(Recorded information begins)

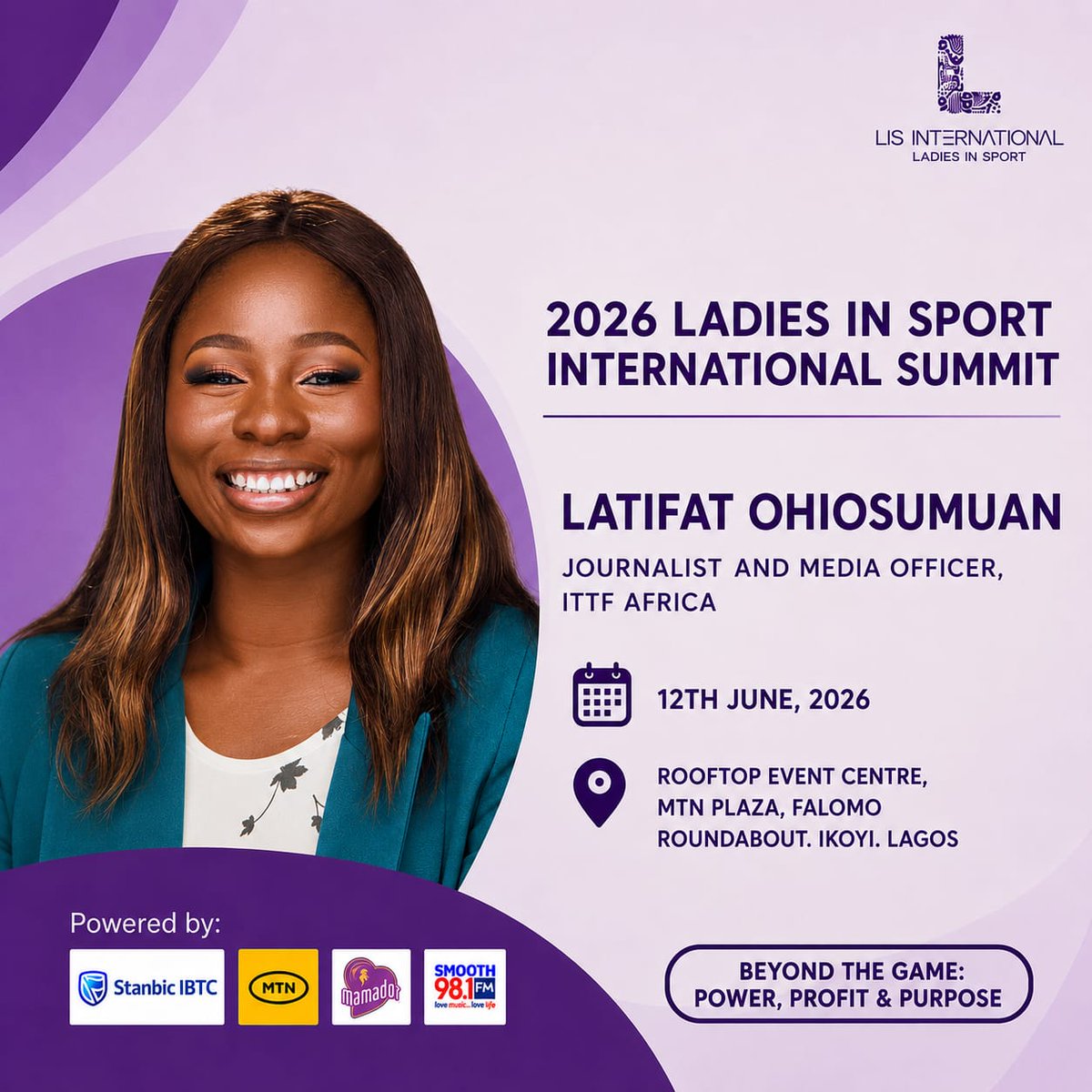Ladies in Sports tweet media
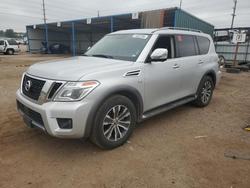 Nissan salvage cars for sale: 2020 Nissan Armada sv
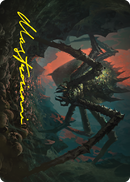 Shelob, Child of Ungoliant Art Card (Gold-Stamped Signature) [The Lord of the Rings: Tales of Middle-earth Art Series] - The Mythic Store | 24h Order Processing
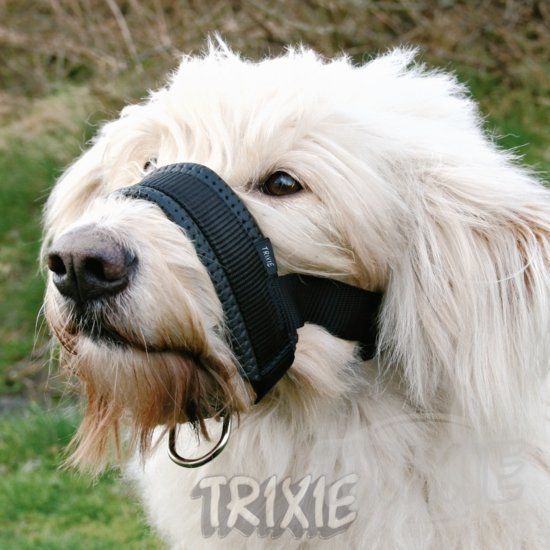 Trixie nylon náhubek podložený XXL 28 - 38 cm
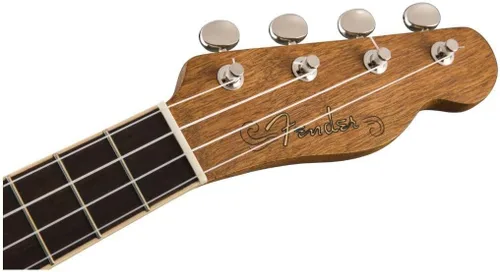 Vista 5 de Fender Ukelele de concierto clásico Zuma, natural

(Recorded information ends)

• [Work required]:
Return only the lines running from the start of the entries above to the line that contains "Trixie nylon náhubek", inclusive, and omit every picture.

• [Written solution]:
Ladies in Sports tweet media
 Nissan salvage cars for sale: 2020 Nissan Armada sv
 Shelob, Child of Ungoliant Art Card (Gold-Stamped Signature) [The Lord of the Rings: Tales of Middle-earth Art Series] - The Mythic Store | 24h Order Processing
 Trixie nylon náhubek podložený XXL 28 - 38 cm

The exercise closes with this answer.